Pada awalnya manusia tidak melakukan transaksi yang kompleks seperti saat sekarang ini. Kondisi ada saat itu belum mengenal transaksi dengan menggunakan uang. Sebab pada saat itu kebutuhan hidup manusia masih bertumpuh pada persediaan alam.

Transaksi barter
Selang beberapa dekade masyarakat mulai bertransaksi antara satu dengan yang lainnya. Transaksi yang dilakukan pada saat itu adalah dengan saling tukar-menukar barang. Transaksi seperti ini lebih dikenal dengan istilah barter. Tapi di kemudian hari, terdapat banyak kesulitan yang dihadapi dalam perekonomian barter. Diantaranya :

a. Orang sulit menentukan perbandingan harga. Misalnya : sulit sekali menukar 1 ekor kerbau dengan 1 karung beras karena perbandingan harganya tidak setimpal.

b. Barter memerlukan kehendak ganda yang selaras, sehingga sulit ditemukan kebutuhan yang sifatnya mendesak. Misalnya : jika kita mempunyai ayam yang ingin ditukarkan dengan beras, maka kita akan mencari terlebih dahulu orang yang mempunyai beras dan mau ditukarkan dengan ayam.

c. Dengan barter orang sulit menentukan pembayaran yang tertunda

d. Barter juga akan membatasi pilihan pembeli

Transaksi uang barang


Baca juga: Konspirasi Uang Kertas Bagian II

Setelah manusia mengalami sulitnya melakukan transaksi dengan cara barter, lama-kelamaan manusia menemukan metode alat transaksi yang efektif dan efisien. Yaitu melakukan transaksi dengan menggunakan uang barang. Uang barang yang dimaksud adalah barang-barang atau benda yang dapat dijadikan jaminan sebagai alat tukar-menukar.

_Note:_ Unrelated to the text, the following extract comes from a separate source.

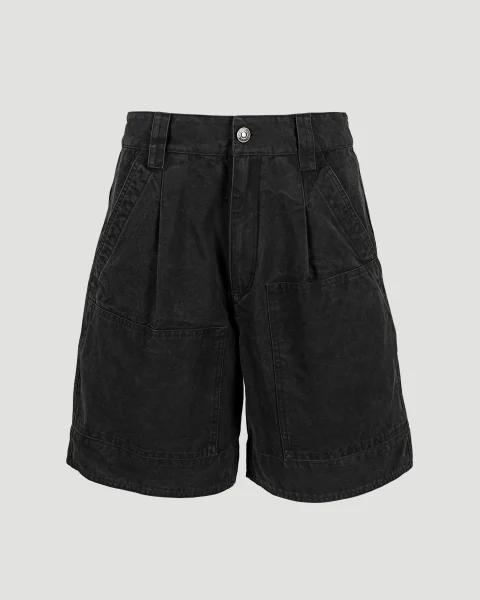 Baggy Cargo Shorts in Faded Black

Benda yang dapat dikategorikan sebagai uang harus memiliki beberapa syarat, yaitu :

a. Memiliki nilai yang bersifat tetap, tidak mengalami perubahan dari waktu ke waktu.

b. Praktis, artinya uang harus mudah dibawa ke mana-mana.

c. Mudah disimpan tanpa mengurangi nilainya

d. Tahan lama
e. Jumlahnya sedikit langkah dan sulit diperoleh

f. Mutu relatif sama

g. Digemari oleh umum.

Barang-barang yang mendekati syarat-syarat uang yang berlaku pada saat itu adalah emas, perak, senjata dan lain-lain.

Transaksi uang kartal (logam dan kertas)
Setelah perekonomian masyarakat bertolak ke uang barang, selanjutnya masyarakat bertransaksi dengan menggunakan uang logam dan uang kertas. Kedua jenis uang ini sering disebut sebagai uang kartal. Yaitu uang yang beredar di masyarakat. Uang pada prinsipnya merupakan benda yang disetujui oleh masyarakat umum sebagai alat perantara tukar-menukar dalam perdagangan.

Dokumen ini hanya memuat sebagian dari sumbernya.